One frigid early January day when I worked at the Denison library, an older woman, a farm-wife who only came into town for library books and livestock feed approached me at the front desk. She had a list of ten or so book titles. She handed it to me and asked if I could find these books somewhere or other and borrow them through the state interlibrary loan program. I replied that I would do my best. The books were mostly fifty to one hundred years old and a little difficult to acquire. When the first one arrived, she came in promptly to pick it up.
“Oh, I’m so excited to get started on this” she said. “You see, I decided to study up on Andrew Jackson’s cabinet as my winter project.” Andrew Jackson’s cabinet? That type of intellectual curiosity just leaves me dumbfounded. I could (maybe) tell you in what century Jackson lived, but nothing else I ever learned about him comes to mind.
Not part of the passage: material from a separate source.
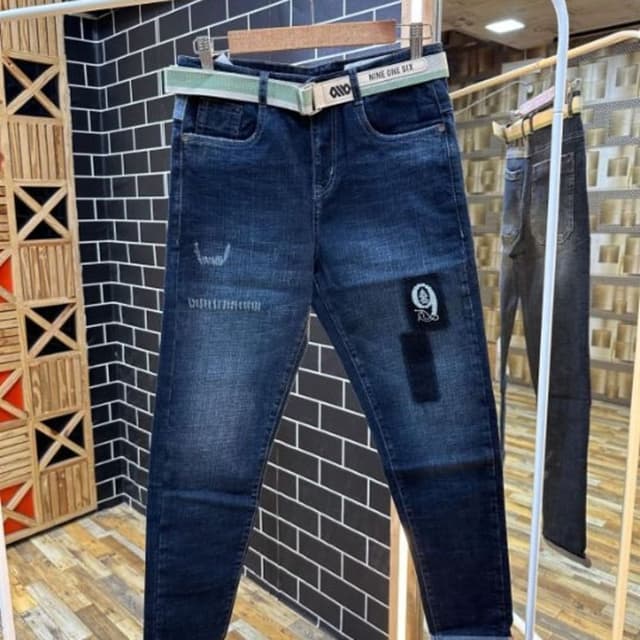 Dark Blue, faded wash Jeans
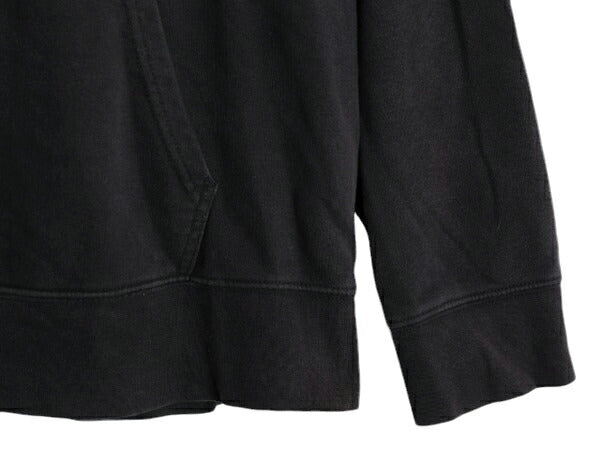 ノースフェイス プリント スウェット フード パーカー メンズ L 古着 The North Face プルオーバー 裏起毛 トレーナー アウトドア 薄手 黒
This new book is A Being So Gentle: The Frontier Love Story of Rachel and Andrew Jackson. Now that’s a title that catches my eye! It was enough of a clue to Jackson’s life that I googled him and read a short internet encyclopedia biography. Rachel and Andy were rather “free thinkers” of their day. The fact that they married while Rachel was still married to another man was quite the scandal. Eventually she was persuaded to obtain the first divorce in the (young) history of the state of Kentucky and remarry Jackson in a legitimate ceremony. Jackson fought thirteen duels, several over his wife’s honor. Charles Dickinson was the only man he ever killed in a duel, but not before Dickinson shot him near the heart. It was said about Jackson that he was shot so frequently in duels that he “rattled like a bag of marbles.”
Jackson was heartbroken when his beloved Rachel died a few weeks before he took office. He wrote the following inscription for her tombstone:
"Here lie the remains of Mrs. Rachel Jackson, wife of President Jackson, who died the 22d of December, 1828, aged 61. Her face was fair, her person pleasing, her temper amiable, and her heart kind; she was delighted in relieving the wants of her fellow creatures, and cultivated that divine pleasure by the most liberal and unpretending methods; to the poor she was a benefactor; to the rich an example; to the wretched a comforter; to the prosperous an ornament; her piety went hand in hand with her benevolence, and she thanked her Creator for being permitted to do good. A being so gentle and yet so virtuous, slander might wound but could not dishonor. Even death, when he tore her from the arms of her husband, could but transport her to the bosom of her God."
So, when it comes in, I’ll read that book, and perhaps feel a little more confident in my knowledge of Andrew Jackson. However, I’m not sure I’ll ever recover from hearing my younger sister say recently “I just read the best biography of Genghis Khan.”